Daisy resides with Osbert, Edmond, Isaac and their sister Piper, whom Daisy comes to rely on as a source of strength to carry on. After The Enemy invades, Daisy’s Aunt Penn is unable to return to her children and niece from a business trip in Norway. Left to their own devices, the kids manage to keep up the daily tasks of running their farm — and look to people in a neighboring village for news on the war. Time passes with the teens in a state of limbo — there’s no adult to order them about, but there’s also dwindling food supplies. It’s in this state of freedom — their absolute isolation — that Daisy is finally able to acknowledge the feelings she has for Edmond, sleepy-eyed and slow to smile. The love she feels for him suddenly eclipses all else.
But then the war comes home. The rag-tag groups of civilian armies in England start to roam the countryside, unsure of their orders in a nation now occupied by enemy forces.

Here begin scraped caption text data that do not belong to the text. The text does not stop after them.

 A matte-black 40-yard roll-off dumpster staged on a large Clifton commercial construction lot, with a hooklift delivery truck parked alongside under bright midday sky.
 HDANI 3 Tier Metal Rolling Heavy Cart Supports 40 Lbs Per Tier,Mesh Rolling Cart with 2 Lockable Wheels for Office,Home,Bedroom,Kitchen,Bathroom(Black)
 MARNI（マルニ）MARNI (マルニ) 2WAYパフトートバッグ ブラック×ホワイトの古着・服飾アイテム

The kids are separated — and what follows is their attempt, often futile, to get back home.
Like Markus Zusak’s The Book Thief, How I Live Now was an important, powerful story. Told in a stream-of-consciousness style and lacking any quotation marks, this book is Daisy’s narrative — the way she recounts the days, weeks and months that led from her first meeting with cousin Edmond to their wandering around the countryside, starving and desperate, as The Occupation of England raged on. The novel is full of strong, sweeping imagery — much of it disturbing. There was such a sense of foreboding through the book, I actually felt my hands trembling as Daisy approached a farm, looking for survivors.

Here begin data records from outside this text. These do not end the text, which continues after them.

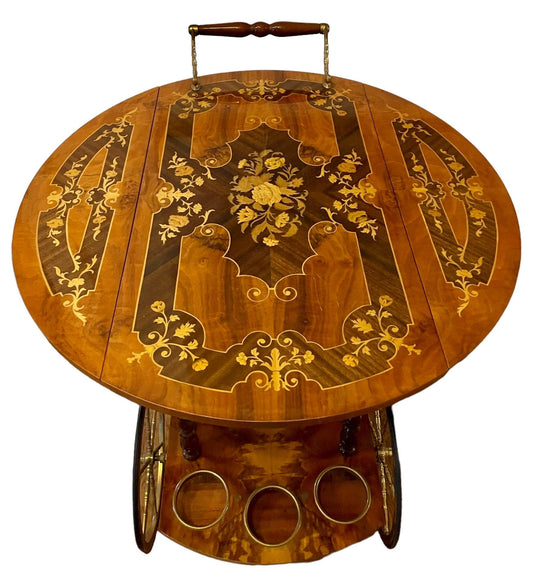 Vintage Italian Brass Marquetry Bar Cart Hollywood Regency Bar cart Mid 20th Century Dessert Cart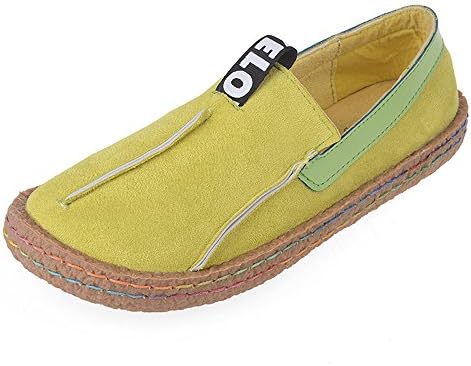 Women's Suede Leather Slip on Flat Driving Shoes Moccasin Slipper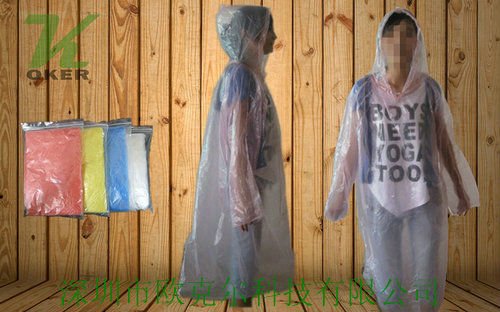 200 PCS Disposable PE Rain Poncho  Raincoat  Disposable PE Raincoats Mix Color by Express Free Shipping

I knew this couldn’t end well. Or could it?
Meg Rosoff’s How I Live Now is simultaneously dreamy, moving, terrifying, surreal and realistic. It’s a survivor’s story — and that’s not limited to Daisy alone. Anyone growing up in the age of terrorism — which is all of us — looks at the world differently, and I could easily see parts of current American culture in the book, which is set in an indeterminate time. The war is never totally explained, though it seems like WWIII, but it doesn’t really need to be — nor does Daisy’s obsession with food and starvation, which is eventually altered completely.
Partly I wouldn’t be good old Daisy if I didn’t get my appetite back just when everyone else in the world was learning how to starve, and partly the idea of wanting to be thin in a world full of people dying from lack of food struck even me as stupid.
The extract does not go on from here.